== Data for review ==
_ _ _ _ _ _ _
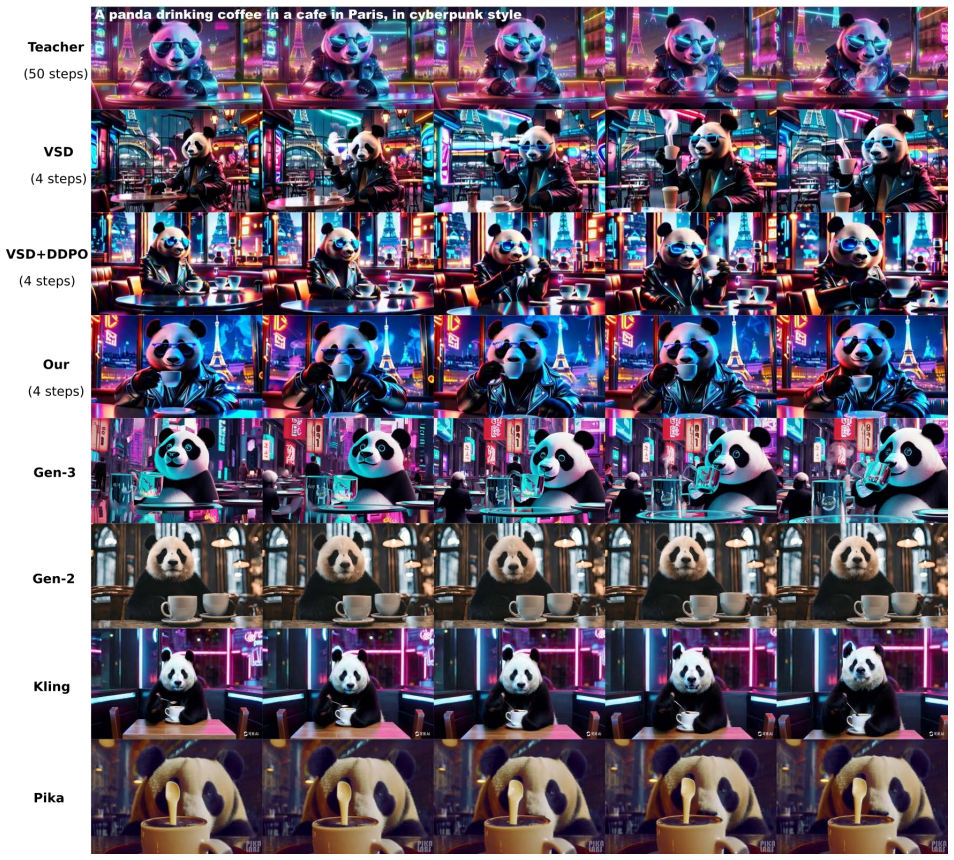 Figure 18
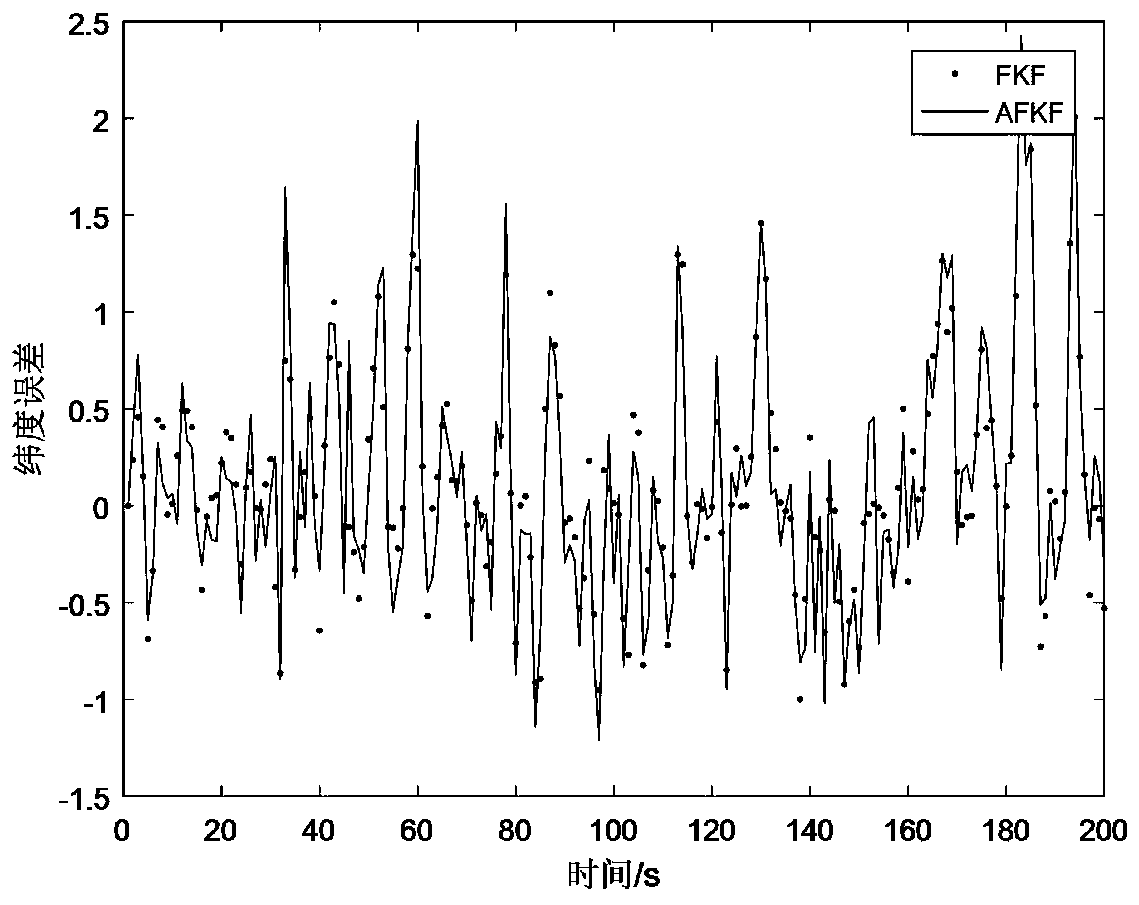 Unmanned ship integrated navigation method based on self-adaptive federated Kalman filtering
_ _ _ _ _ _ _
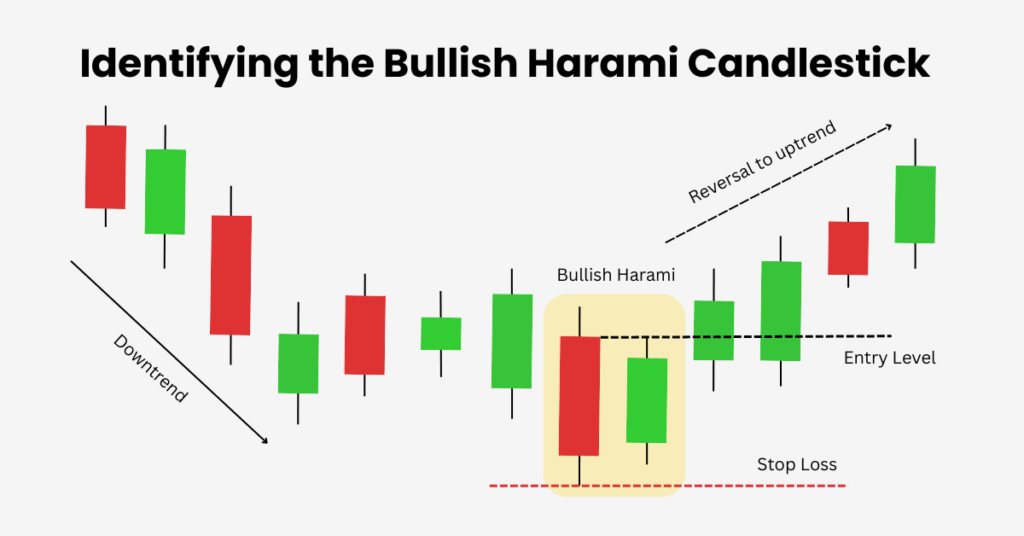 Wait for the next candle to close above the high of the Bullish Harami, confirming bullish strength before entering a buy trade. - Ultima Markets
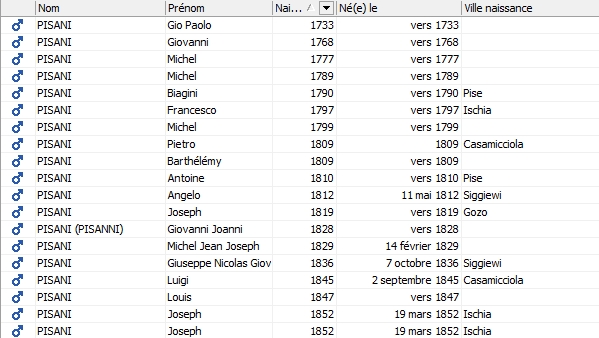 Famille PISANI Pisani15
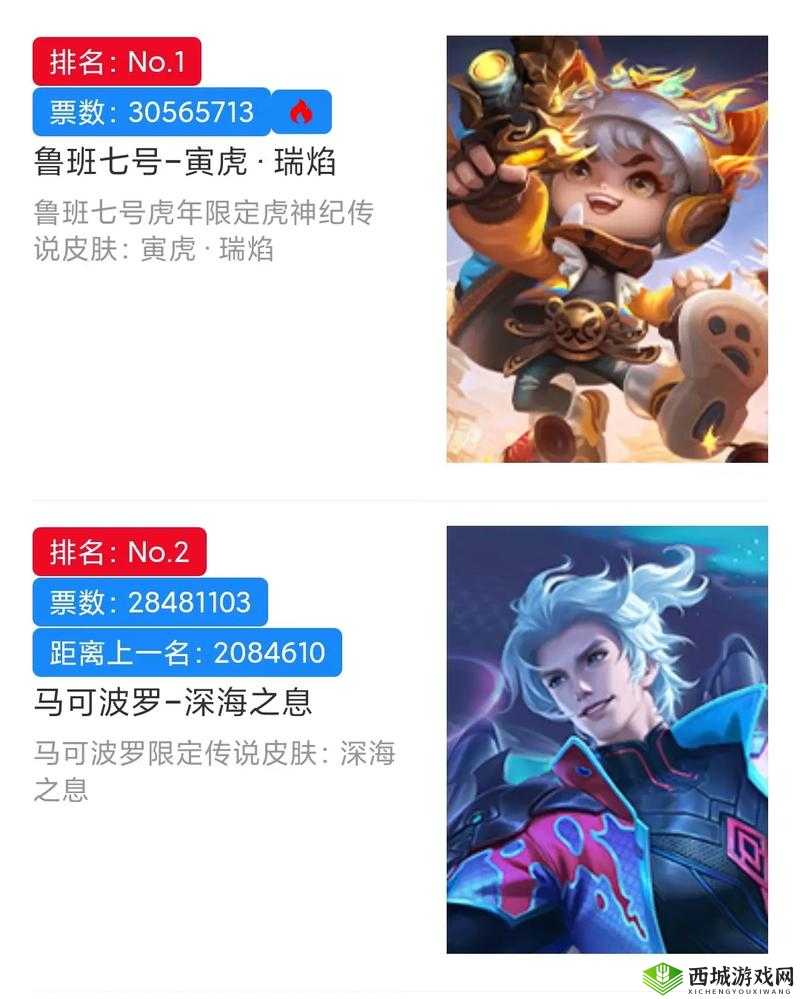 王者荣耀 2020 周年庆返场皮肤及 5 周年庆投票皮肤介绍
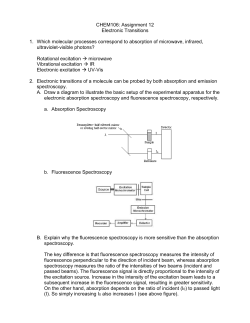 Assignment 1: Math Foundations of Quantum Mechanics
_ _ _ _ _ _ _
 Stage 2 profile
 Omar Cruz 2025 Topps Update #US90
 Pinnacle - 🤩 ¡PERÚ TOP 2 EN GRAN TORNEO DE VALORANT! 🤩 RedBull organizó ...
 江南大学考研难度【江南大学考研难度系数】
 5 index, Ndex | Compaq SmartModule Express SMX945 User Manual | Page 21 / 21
_ _ _ _ _ _ _
== Aim of the task ==
Go back to the listing above. Copy word for word the lines from the one with "Omar Cruz 2025 Topps Update #US90" through the one with "5 index, Ndex", and nothing more.

== Solution to the problem ==
 Omar Cruz 2025 Topps Update #US90
 Pinnacle - 🤩 ¡PERÚ TOP 2 EN GRAN TORNEO DE VALORANT! 🤩 RedBull organizó ...
 江南大学考研难度【江南大学考研难度系数】
 5 index, Ndex | Compaq SmartModule Express SMX945 User Manual | Page 21 / 21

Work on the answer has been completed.